(Saved data entries)
=-=-=
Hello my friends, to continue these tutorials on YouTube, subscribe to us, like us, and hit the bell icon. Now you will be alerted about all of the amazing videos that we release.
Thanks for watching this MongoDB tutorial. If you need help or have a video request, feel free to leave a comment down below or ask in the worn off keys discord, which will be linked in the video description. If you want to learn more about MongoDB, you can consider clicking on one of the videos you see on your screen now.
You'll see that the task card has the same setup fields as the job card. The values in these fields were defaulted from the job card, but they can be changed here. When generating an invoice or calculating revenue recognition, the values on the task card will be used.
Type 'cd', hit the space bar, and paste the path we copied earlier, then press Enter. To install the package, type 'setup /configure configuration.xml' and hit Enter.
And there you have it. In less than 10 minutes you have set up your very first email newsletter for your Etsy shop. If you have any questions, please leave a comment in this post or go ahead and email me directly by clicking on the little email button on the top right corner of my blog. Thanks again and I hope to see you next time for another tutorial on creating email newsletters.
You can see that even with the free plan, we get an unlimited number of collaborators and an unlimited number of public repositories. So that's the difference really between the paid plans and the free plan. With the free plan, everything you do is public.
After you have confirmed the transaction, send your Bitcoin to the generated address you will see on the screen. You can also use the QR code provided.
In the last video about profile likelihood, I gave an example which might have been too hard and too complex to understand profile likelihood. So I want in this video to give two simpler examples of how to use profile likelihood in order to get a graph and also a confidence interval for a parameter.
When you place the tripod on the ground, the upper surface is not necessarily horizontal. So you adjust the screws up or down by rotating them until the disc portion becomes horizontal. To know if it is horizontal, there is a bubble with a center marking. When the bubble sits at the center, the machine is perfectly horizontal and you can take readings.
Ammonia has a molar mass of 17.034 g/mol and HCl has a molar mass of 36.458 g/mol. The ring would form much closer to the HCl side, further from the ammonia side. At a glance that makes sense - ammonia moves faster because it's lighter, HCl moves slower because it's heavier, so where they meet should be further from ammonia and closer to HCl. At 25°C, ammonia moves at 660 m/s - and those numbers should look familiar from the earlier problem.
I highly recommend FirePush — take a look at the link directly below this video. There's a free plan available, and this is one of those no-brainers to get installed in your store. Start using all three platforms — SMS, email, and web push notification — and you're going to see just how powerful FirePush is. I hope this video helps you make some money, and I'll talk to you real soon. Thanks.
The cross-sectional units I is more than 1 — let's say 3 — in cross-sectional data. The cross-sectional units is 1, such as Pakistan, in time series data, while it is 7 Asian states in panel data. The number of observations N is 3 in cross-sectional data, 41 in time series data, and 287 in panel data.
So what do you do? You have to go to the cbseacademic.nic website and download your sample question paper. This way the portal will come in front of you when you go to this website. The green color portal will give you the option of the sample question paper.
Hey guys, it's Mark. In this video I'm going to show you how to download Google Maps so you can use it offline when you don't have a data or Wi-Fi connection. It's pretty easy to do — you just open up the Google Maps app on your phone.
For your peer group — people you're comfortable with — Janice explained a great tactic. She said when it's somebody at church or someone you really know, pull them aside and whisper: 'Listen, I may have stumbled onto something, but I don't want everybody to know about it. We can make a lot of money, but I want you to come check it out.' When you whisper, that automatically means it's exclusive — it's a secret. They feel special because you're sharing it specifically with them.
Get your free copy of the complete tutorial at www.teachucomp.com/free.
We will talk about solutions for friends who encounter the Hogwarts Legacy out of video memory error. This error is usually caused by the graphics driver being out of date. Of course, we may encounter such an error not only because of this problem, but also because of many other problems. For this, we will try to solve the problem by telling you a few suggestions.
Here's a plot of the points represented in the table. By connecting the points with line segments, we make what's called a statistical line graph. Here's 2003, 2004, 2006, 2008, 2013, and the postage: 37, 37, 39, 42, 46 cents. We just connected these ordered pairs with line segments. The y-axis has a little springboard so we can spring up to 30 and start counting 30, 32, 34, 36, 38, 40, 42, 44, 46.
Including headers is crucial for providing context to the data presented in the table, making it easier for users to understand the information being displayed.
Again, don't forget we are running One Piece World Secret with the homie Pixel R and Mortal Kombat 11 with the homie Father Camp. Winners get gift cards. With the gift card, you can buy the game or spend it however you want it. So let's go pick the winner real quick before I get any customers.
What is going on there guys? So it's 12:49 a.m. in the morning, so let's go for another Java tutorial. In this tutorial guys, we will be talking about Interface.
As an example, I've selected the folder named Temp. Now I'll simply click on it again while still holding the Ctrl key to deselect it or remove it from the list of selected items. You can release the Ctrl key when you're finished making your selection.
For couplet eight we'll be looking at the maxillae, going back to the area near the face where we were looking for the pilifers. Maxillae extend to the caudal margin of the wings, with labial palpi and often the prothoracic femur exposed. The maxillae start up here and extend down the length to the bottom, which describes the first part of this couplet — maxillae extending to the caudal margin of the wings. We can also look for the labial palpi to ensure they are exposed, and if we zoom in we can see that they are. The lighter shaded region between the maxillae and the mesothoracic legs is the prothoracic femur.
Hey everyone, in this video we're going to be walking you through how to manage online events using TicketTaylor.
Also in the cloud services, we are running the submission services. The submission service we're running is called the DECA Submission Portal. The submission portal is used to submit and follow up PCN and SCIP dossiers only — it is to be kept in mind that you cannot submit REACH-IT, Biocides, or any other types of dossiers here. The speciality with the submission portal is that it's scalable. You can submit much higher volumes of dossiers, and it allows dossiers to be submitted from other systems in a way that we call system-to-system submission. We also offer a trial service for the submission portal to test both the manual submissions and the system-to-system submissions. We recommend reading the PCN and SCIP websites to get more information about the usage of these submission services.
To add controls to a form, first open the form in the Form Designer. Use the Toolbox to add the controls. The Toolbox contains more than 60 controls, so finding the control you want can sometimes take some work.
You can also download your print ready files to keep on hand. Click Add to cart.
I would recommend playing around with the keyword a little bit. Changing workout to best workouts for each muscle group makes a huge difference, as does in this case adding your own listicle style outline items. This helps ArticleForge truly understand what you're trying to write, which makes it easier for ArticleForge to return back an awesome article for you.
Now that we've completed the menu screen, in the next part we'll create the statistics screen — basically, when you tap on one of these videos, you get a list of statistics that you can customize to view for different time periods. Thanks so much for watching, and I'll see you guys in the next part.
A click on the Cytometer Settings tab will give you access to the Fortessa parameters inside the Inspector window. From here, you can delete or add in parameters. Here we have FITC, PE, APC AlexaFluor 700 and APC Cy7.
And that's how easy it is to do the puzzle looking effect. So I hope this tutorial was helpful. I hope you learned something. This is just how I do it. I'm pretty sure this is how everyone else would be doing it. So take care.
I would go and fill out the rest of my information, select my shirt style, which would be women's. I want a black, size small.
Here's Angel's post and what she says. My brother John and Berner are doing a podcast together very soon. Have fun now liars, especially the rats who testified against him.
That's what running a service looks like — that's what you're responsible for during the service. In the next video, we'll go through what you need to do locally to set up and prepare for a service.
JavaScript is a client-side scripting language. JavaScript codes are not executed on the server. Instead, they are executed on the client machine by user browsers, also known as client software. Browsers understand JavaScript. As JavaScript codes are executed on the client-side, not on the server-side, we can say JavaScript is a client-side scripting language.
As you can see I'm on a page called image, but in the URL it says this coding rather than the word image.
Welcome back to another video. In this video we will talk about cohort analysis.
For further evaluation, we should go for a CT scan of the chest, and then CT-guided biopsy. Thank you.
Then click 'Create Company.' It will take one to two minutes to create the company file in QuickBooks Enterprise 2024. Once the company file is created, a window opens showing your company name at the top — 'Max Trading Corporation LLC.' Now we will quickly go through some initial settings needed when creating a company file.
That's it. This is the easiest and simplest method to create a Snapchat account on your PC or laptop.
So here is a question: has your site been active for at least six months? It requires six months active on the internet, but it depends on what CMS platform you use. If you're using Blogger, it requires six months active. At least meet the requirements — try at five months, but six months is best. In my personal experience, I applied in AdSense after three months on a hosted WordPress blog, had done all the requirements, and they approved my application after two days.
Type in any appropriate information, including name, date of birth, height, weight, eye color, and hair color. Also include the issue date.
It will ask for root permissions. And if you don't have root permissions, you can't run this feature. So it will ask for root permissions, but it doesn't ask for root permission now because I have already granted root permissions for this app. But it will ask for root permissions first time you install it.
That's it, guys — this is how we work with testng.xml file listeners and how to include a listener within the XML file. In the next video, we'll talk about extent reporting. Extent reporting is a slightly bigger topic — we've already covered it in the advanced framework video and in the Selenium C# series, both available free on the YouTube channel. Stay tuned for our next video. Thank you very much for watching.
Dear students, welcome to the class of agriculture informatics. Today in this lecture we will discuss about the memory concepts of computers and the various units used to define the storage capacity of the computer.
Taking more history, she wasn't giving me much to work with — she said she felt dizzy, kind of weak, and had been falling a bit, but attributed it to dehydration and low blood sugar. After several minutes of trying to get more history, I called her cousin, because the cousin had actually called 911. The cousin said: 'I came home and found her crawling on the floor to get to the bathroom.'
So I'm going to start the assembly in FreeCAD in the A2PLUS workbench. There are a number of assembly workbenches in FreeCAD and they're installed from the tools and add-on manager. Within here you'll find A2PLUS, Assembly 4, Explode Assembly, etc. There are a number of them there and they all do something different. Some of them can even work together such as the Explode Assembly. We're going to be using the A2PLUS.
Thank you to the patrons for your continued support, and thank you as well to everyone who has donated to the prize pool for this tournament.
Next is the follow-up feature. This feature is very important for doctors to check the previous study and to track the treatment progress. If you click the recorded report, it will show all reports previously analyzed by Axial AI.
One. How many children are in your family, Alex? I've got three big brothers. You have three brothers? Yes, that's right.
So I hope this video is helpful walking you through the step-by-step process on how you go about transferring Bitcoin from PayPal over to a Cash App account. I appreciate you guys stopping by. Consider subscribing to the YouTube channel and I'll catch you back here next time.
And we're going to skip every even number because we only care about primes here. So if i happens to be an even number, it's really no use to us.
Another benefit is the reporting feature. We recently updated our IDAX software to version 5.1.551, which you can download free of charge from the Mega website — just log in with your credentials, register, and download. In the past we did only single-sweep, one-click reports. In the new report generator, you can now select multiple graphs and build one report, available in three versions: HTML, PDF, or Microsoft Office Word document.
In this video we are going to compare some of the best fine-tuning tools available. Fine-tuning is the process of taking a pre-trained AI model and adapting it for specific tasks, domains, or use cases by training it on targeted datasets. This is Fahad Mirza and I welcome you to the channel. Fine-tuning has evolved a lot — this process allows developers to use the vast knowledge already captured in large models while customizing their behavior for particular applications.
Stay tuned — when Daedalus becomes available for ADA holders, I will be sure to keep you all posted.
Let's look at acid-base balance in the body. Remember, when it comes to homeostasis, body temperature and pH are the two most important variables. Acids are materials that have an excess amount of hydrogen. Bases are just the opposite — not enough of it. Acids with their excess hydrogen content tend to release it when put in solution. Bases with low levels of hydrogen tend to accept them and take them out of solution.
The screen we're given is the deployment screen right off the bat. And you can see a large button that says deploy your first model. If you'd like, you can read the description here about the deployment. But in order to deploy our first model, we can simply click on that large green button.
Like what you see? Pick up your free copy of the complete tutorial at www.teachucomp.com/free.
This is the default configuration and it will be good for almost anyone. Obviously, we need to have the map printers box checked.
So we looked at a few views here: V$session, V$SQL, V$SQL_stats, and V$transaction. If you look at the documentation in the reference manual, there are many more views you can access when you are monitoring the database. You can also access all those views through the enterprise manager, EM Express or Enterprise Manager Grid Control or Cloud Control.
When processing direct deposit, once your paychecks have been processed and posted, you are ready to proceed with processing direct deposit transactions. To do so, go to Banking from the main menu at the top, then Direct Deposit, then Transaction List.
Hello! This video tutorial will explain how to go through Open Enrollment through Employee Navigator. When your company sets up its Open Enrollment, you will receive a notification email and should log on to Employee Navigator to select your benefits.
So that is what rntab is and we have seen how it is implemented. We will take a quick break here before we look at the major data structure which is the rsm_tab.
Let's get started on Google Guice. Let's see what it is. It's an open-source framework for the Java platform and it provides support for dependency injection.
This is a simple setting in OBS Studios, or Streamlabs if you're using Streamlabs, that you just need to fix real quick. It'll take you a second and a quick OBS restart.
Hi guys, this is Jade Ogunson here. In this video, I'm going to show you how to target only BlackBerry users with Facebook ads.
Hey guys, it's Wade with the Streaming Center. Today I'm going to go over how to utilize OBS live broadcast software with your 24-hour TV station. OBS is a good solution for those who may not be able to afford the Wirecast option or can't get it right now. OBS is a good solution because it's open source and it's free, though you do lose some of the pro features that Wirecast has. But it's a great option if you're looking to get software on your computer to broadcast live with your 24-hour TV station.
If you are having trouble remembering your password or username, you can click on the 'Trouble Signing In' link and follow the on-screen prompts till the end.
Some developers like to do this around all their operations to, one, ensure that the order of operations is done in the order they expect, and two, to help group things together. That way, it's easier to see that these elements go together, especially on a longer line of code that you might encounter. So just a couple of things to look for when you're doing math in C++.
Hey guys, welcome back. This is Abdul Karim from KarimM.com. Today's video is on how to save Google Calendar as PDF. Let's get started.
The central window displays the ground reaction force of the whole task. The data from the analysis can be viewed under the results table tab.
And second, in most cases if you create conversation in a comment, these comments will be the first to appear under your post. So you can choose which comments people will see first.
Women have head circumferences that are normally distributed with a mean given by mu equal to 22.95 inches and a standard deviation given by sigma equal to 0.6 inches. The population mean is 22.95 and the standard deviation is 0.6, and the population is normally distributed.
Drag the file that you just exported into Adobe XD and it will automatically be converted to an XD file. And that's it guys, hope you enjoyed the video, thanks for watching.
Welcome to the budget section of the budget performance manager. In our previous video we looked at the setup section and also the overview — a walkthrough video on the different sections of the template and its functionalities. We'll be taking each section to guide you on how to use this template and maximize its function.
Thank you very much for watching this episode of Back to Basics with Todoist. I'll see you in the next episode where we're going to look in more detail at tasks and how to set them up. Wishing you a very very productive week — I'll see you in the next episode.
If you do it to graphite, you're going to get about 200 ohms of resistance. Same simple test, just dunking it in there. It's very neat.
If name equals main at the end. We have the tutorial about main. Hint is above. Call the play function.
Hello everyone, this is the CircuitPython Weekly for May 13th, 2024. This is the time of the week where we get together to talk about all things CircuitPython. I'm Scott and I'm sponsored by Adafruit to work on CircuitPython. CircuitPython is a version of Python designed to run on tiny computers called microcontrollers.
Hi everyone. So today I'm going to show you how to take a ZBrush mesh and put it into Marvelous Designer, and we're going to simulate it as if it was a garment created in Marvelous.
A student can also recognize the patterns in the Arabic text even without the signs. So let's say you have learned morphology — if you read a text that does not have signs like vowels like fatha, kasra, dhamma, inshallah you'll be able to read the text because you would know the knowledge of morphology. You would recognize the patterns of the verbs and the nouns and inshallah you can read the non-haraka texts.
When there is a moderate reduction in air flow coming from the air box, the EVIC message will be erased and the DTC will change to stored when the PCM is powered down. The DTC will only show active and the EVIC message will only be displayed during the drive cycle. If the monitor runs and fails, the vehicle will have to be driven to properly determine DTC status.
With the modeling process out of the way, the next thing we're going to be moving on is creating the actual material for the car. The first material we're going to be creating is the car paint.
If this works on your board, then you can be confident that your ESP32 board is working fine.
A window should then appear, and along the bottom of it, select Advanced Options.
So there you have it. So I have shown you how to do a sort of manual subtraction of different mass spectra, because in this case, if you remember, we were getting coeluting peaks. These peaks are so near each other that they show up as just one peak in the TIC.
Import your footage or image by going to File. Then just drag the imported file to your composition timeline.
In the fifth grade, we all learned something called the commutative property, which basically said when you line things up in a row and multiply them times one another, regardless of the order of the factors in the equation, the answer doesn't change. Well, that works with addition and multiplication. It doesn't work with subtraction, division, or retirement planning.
=-=-=
State how many lines in the records above contain the word "videos", giving only the number.

3